Anthrax terror!

  • Deadly germ infects 36 people

  • Tainted meat could be in Byo

  • Umzingwane cattle lockdown

A cow infected with anthrax bleeds from the nose in this file photo

A cow infected with anthrax bleeds from the nose in this file photo

Marvelous Moyo Chronicle Correspondent
AN anthrax outbreak has been reported in Umzingwane District in Matabeleland South Province with 36 people getting infected and at least 42 head of cattle dying, amid fears that contaminated meat could have been sold to butcheries in Bulawayo.

The disease, which can be fatal if not treated, can be transmitted through eating the meat of infected animals.

Matabeleland South provincial principal veterinary officer Dr Enat Mdlongwa said the disease was detected last week at Mzola and Mahanka dip tanks. The movement of cattle in and out of Umzingwane has been suspended with immediate effect to avoid the spread of the highly infectious disease.

Illegal movement of cattle will result in the farmers being penalised.

Villagers told The Chronicle they were notified of the ban on Tuesday.

They said they always sold cattle to private buyers from Bulawayo, adding that infected meat could have inadvertently found its way to the city.

Bulawayo City Council’s public relations department had, by the time of going to print yesterday, not responded to e-mailed questions regarding the issue.

Dr Mdlongwa said: “We’ve received reports of 25 cattle that have died of anthrax in Umzingwane district and we’ve since put the area under quarantine. No cattle movement is allowed in and out of the area.”

“We’ve alerted our head office in Harare about the situation and we’re expecting to get the vaccines soon. We’ve however advised farmers who can afford to buy vaccines to do so and dose their animals.”

Infected animals die within a few days if they are not treated.

Matabeleland South provincial medical director Dr Brian Abel Maponga said no human deaths have been recorded.

“As of end of day on December 17, 2015, we had received and treated 36 people for human anthrax. These people were attended to at Esibomvu Clinic mainly and only a few seen at Mawabeni Clinic in Umzingwane district.

“The majority of the people were from Gongo village while other persons attended to were from Thusi, Esibomvu 2, Mzingwane and Msizini villages under Chief Gwebu.

“The majority of the people have been stable and were treated and discharged. Three patients were admitted but all have showed significant improvement with treatment,” he said.

Dr Maponga said 95 percent of the affected persons presented cutaneous (skin) anthrax which is curable and there was no evidence of the disease transmission from human to human.

“The most common symptoms of anthrax are skin lesions that may appear on any part of the body, but mostly on hands and face. The lesions are characterised by a depressed black scar. Some present abdominal pain, nausea, vomiting and loss of appetite. In rare cases it presents with difficulty in breathing, especially when there is lung exposure,” he said.

Dr Maponga and Dr Mdlongwa advised people to report cases of cattle dying to animal health inspectors or health inspectors.

They warned against eating or skinning animals that collapse and die and advised people not to eat meat from unknown sources.

Such animals should be buried under the supervision of environmental health practitioners and or veterinary officers.

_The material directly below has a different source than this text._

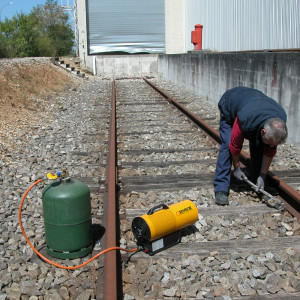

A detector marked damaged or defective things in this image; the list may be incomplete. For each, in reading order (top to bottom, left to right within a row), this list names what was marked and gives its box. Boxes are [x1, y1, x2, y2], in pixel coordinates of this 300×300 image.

Matabeleland South Provincial administrator Midard Khumalo said the disease had been reported in Wards 3, 4 and 5 in Mawabeni.

“The affected villages are Gongo, Thusi, Sibomvu, Mzingwane, Msizini, Irrisvale, Chalimbe and Godlwayo,” said Khumalo.

He said teams are already on the ground battling to contain the disease in the villages.

“Nurse training on how to handle the disease is underway. So far we’ve things under control as mobilisation of fuel and medicines has started,” he said.

In a telephone interview yesterday, Chief Gwebu appealed to the government to provide the anthrax vaccines to avoid further loss of the livestock.

“We’re now in the farming season and cattle are mostly used as draught animals for ploughing. We appeal to the government to intervene so that we don’t lose more cattle,” he said.

Chief Gwebu commended the health staff for the good care they provided to infected persons.

He said people had been equipped with information on how to prevent the spread of the disease in the area and was working tirelessly with communities to contain the infectious disease.

Signs and symptoms, which depend on how you’re infected, can range from skin sores to vomiting to shock.

Early this year, Matabeleland South province was hit by an outbreak of foot and mouth disease which saw a number of cattle succumbing to it. Diseases and drought pose a serious challenge to livestock development in the province.